▶ Material to process
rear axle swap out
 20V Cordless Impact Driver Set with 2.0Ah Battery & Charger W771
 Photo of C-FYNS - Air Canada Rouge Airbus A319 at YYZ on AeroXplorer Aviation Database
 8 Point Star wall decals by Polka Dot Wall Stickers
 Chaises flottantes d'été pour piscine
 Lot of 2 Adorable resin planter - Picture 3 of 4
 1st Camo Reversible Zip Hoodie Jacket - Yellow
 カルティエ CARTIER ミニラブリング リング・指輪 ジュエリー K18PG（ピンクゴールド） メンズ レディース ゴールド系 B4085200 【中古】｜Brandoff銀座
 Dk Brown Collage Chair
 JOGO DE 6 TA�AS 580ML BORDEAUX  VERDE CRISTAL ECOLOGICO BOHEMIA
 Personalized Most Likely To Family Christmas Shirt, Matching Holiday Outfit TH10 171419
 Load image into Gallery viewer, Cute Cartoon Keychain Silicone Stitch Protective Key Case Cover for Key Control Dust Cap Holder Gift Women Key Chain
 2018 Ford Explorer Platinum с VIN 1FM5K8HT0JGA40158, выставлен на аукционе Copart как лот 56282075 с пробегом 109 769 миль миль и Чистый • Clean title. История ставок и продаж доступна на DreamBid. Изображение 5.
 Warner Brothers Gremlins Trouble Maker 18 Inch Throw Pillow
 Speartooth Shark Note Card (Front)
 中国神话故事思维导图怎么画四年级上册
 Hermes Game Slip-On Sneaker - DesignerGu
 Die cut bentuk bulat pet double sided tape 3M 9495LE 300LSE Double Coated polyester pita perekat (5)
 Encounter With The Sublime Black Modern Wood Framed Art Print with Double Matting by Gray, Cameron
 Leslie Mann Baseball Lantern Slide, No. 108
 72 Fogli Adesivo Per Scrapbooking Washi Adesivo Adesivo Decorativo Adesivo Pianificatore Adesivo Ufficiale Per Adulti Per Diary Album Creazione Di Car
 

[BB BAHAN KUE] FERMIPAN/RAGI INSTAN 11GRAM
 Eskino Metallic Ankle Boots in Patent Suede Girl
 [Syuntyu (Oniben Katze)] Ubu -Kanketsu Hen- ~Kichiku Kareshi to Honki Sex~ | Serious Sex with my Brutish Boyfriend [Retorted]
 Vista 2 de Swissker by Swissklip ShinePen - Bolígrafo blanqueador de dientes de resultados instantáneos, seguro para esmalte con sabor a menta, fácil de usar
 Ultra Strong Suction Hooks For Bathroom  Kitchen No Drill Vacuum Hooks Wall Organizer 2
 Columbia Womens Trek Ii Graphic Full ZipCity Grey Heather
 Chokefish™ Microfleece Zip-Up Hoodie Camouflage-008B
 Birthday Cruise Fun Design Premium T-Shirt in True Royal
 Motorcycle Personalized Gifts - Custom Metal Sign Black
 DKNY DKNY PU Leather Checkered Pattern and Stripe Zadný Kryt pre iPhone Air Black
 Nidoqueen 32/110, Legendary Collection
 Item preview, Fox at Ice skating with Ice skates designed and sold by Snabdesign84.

▶ Assigned task
Your task is to transcribe each record faithfully and in full.

▶ Result of this task
rear axle swap out
 20V Cordless Impact Driver Set with 2.0Ah Battery & Charger W771
 Photo of C-FYNS - Air Canada Rouge Airbus A319 at YYZ on AeroXplorer Aviation Database
 8 Point Star wall decals by Polka Dot Wall Stickers
 Chaises flottantes d'été pour piscine
 Lot of 2 Adorable resin planter - Picture 3 of 4
 1st Camo Reversible Zip Hoodie Jacket - Yellow
 カルティエ CARTIER ミニラブリング リング・指輪 ジュエリー K18PG（ピンクゴールド） メンズ レディース ゴールド系 B4085200 【中古】｜Brandoff銀座
 Dk Brown Collage Chair
 JOGO DE 6 TA�AS 580ML BORDEAUX  VERDE CRISTAL ECOLOGICO BOHEMIA
 Personalized Most Likely To Family Christmas Shirt, Matching Holiday Outfit TH10 171419
 Load image into Gallery viewer, Cute Cartoon Keychain Silicone Stitch Protective Key Case Cover for Key Control Dust Cap Holder Gift Women Key Chain
 2018 Ford Explorer Platinum с VIN 1FM5K8HT0JGA40158, выставлен на аукционе Copart как лот 56282075 с пробегом 109 769 миль миль и Чистый • Clean title. История ставок и продаж доступна на DreamBid. Изображение 5.
 Warner Brothers Gremlins Trouble Maker 18 Inch Throw Pillow
 Speartooth Shark Note Card (Front)
 中国神话故事思维导图怎么画四年级上册
 Hermes Game Slip-On Sneaker - DesignerGu
 Die cut bentuk bulat pet double sided tape 3M 9495LE 300LSE Double Coated polyester pita perekat (5)
 Encounter With The Sublime Black Modern Wood Framed Art Print with Double Matting by Gray, Cameron
 Leslie Mann Baseball Lantern Slide, No. 108
 72 Fogli Adesivo Per Scrapbooking Washi Adesivo Adesivo Decorativo Adesivo Pianificatore Adesivo Ufficiale Per Adulti Per Diary Album Creazione Di Car
 

[BB BAHAN KUE] FERMIPAN/RAGI INSTAN 11GRAM
 Eskino Metallic Ankle Boots in Patent Suede Girl
 [Syuntyu (Oniben Katze)] Ubu -Kanketsu Hen- ~Kichiku Kareshi to Honki Sex~ | Serious Sex with my Brutish Boyfriend [Retorted]
 Vista 2 de Swissker by Swissklip ShinePen - Bolígrafo blanqueador de dientes de resultados instantáneos, seguro para esmalte con sabor a menta, fácil de usar
 Ultra Strong Suction Hooks For Bathroom  Kitchen No Drill Vacuum Hooks Wall Organizer 2
 Columbia Womens Trek Ii Graphic Full ZipCity Grey Heather
 Chokefish™ Microfleece Zip-Up Hoodie Camouflage-008B
 Birthday Cruise Fun Design Premium T-Shirt in True Royal
 Motorcycle Personalized Gifts - Custom Metal Sign Black
 DKNY DKNY PU Leather Checkered Pattern and Stripe Zadný Kryt pre iPhone Air Black
 Nidoqueen 32/110, Legendary Collection
 Item preview, Fox at Ice skating with Ice skates designed and sold by Snabdesign84.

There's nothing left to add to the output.